* ASSIGNMENT
The output should contain the listing word for word and no pictures.

== DATA EXTRACT

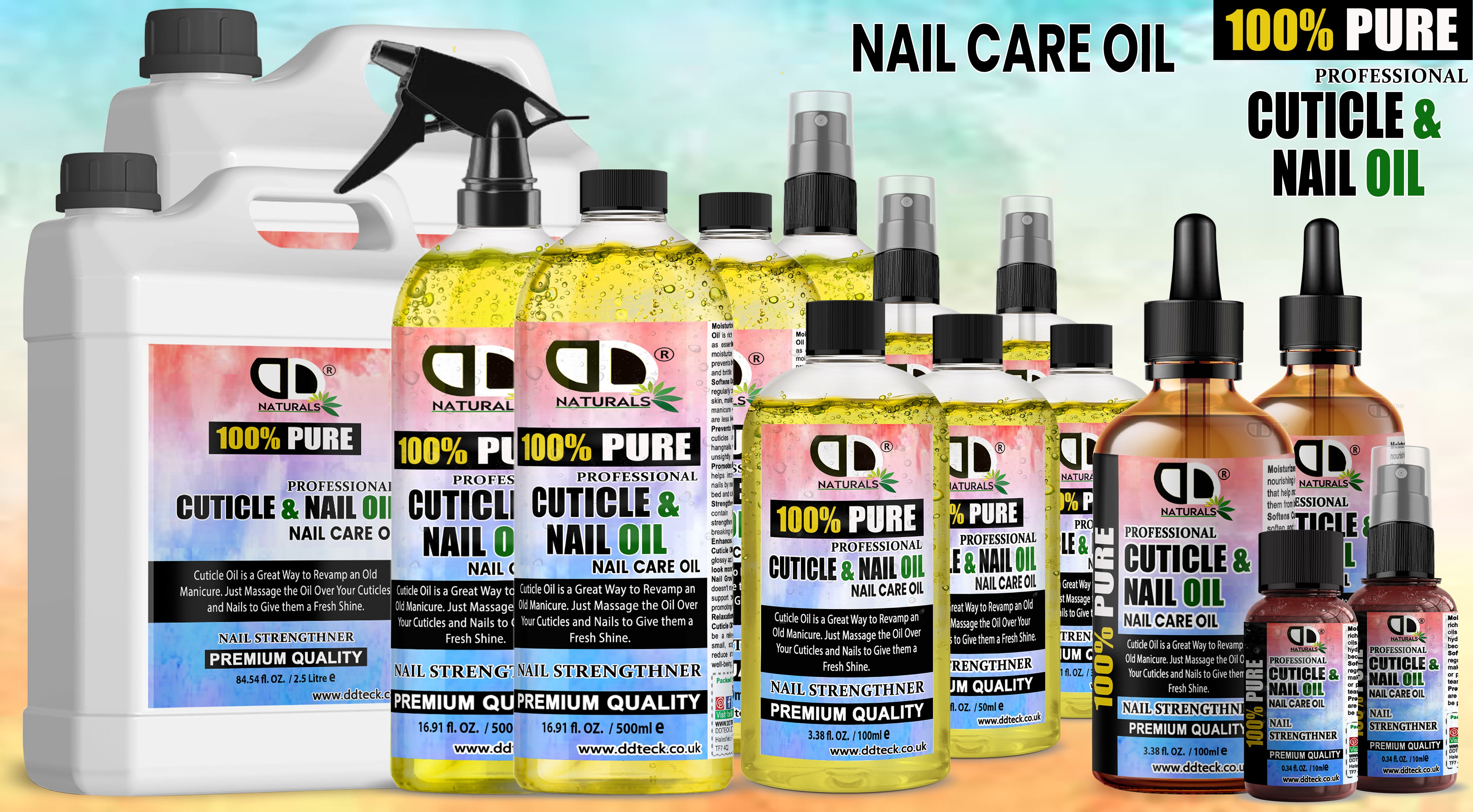 100% Pure Professional Cuticle & Nail Oil – Premium Nail Strengthened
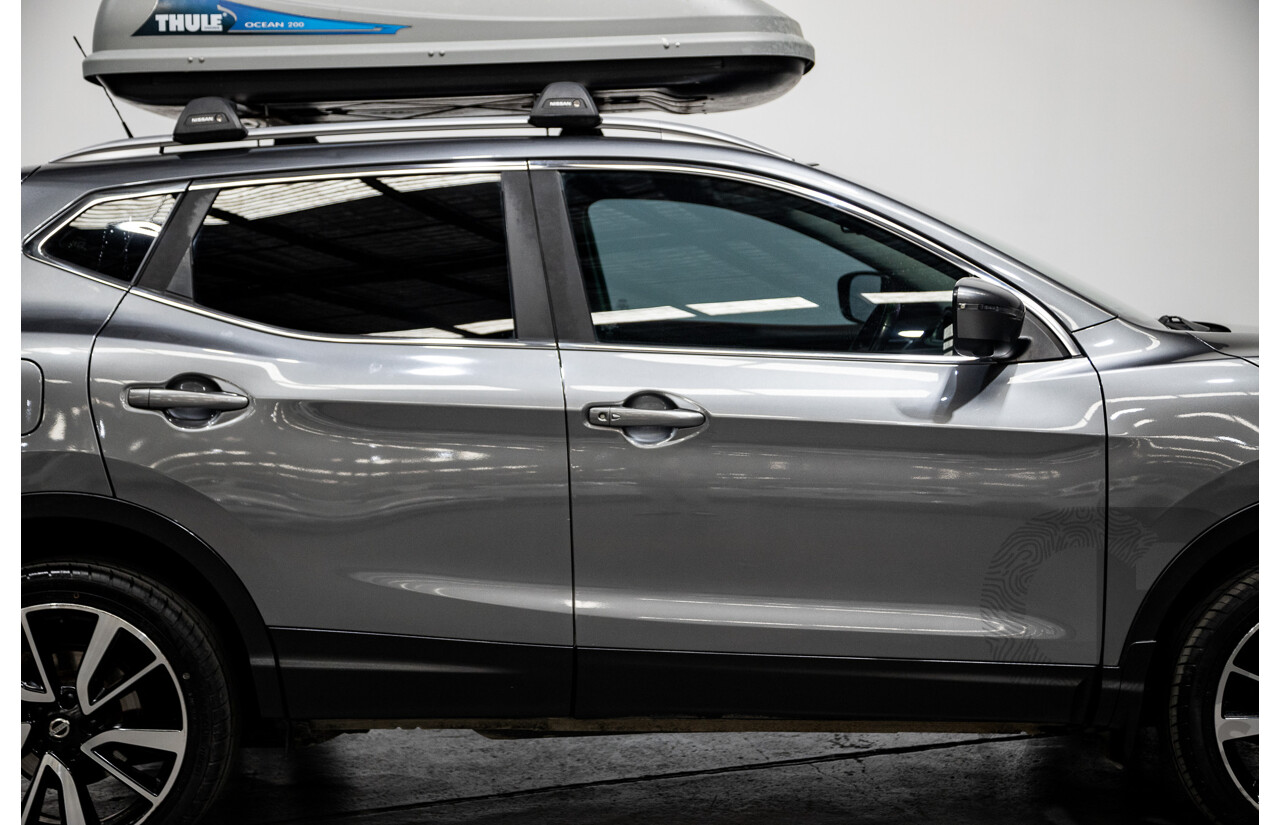 9/2017 Nissan Qashqai TI J11 4d Wagon Gun Grey Metallic 2.0L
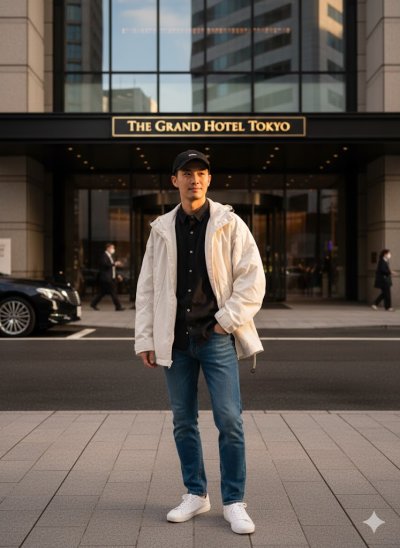 เสื้อแจ็คเก็ตชาย ผ้าโพลีเอสเตอร์ สีขาว ขนาด XXL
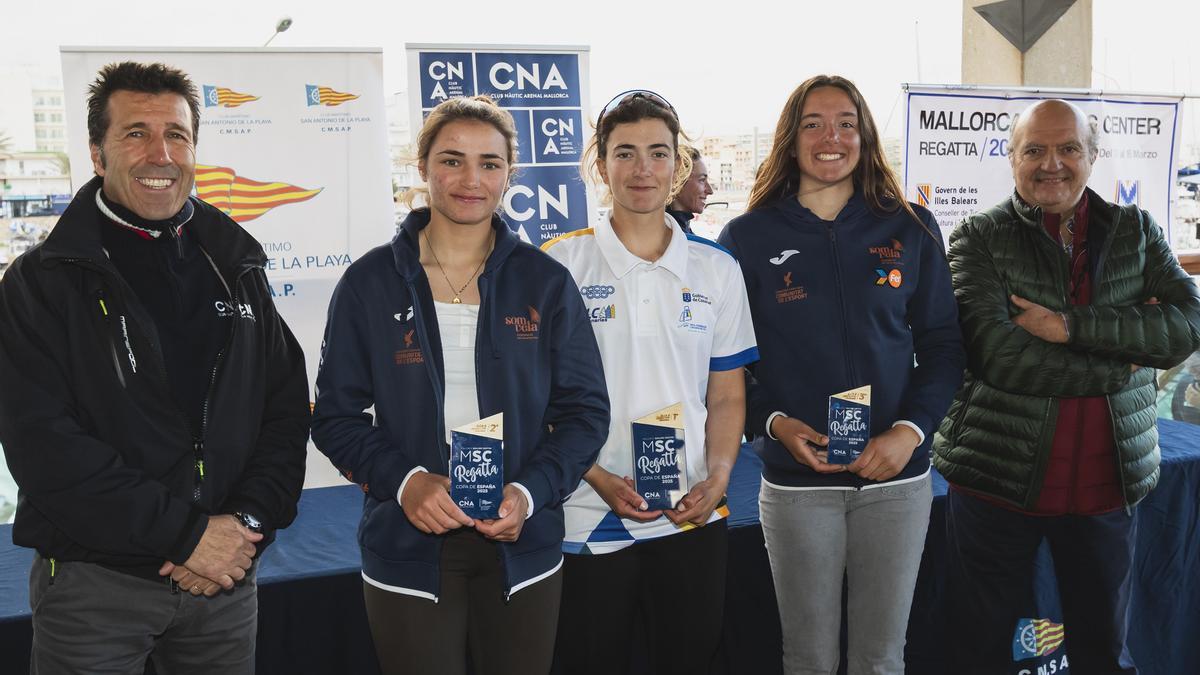 Entrega de trofeos de la Copa de España ILCA 6 en Mallorca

====

* TASK RESULT
 100% Pure Professional Cuticle & Nail Oil – Premium Nail Strengthened
 9/2017 Nissan Qashqai TI J11 4d Wagon Gun Grey Metallic 2.0L
 เสื้อแจ็คเก็ตชาย ผ้าโพลีเอสเตอร์ สีขาว ขนาด XXL
 Entrega de trofeos de la Copa de España ILCA 6 en Mallorca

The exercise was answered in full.